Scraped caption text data
|---|
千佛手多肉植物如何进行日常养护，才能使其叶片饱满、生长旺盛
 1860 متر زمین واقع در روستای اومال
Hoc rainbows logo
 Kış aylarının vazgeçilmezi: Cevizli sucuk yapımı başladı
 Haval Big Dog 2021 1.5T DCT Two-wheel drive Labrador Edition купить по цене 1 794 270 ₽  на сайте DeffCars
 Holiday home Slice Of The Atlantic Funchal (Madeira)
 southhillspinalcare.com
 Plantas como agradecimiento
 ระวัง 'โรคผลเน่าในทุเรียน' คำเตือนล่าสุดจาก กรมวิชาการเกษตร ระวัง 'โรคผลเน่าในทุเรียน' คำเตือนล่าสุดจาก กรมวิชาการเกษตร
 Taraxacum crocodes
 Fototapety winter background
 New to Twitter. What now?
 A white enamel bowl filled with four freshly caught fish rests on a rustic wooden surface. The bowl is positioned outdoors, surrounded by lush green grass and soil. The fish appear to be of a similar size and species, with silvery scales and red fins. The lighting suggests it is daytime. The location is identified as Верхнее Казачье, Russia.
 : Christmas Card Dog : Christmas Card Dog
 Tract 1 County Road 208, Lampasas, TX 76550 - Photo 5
|---|
◆ **What you need to do**: Copy the lines above exactly, leaving every word as it is.

◆ **Problem solution**:
千佛手多肉植物如何进行日常养护，才能使其叶片饱满、生长旺盛
 1860 متر زمین واقع در روستای اومال
Hoc rainbows logo
 Kış aylarının vazgeçilmezi: Cevizli sucuk yapımı başladı
 Haval Big Dog 2021 1.5T DCT Two-wheel drive Labrador Edition купить по цене 1 794 270 ₽  на сайте DeffCars
 Holiday home Slice Of The Atlantic Funchal (Madeira)
 southhillspinalcare.com
 Plantas como agradecimiento
 ระวัง 'โรคผลเน่าในทุเรียน' คำเตือนล่าสุดจาก กรมวิชาการเกษตร ระวัง 'โรคผลเน่าในทุเรียน' คำเตือนล่าสุดจาก กรมวิชาการเกษตร
 Taraxacum crocodes
 Fototapety winter background
 New to Twitter. What now?
 A white enamel bowl filled with four freshly caught fish rests on a rustic wooden surface. The bowl is positioned outdoors, surrounded by lush green grass and soil. The fish appear to be of a similar size and species, with silvery scales and red fins. The lighting suggests it is daytime. The location is identified as Верхнее Казачье, Russia.
 : Christmas Card Dog : Christmas Card Dog
 Tract 1 County Road 208, Lampasas, TX 76550 - Photo 5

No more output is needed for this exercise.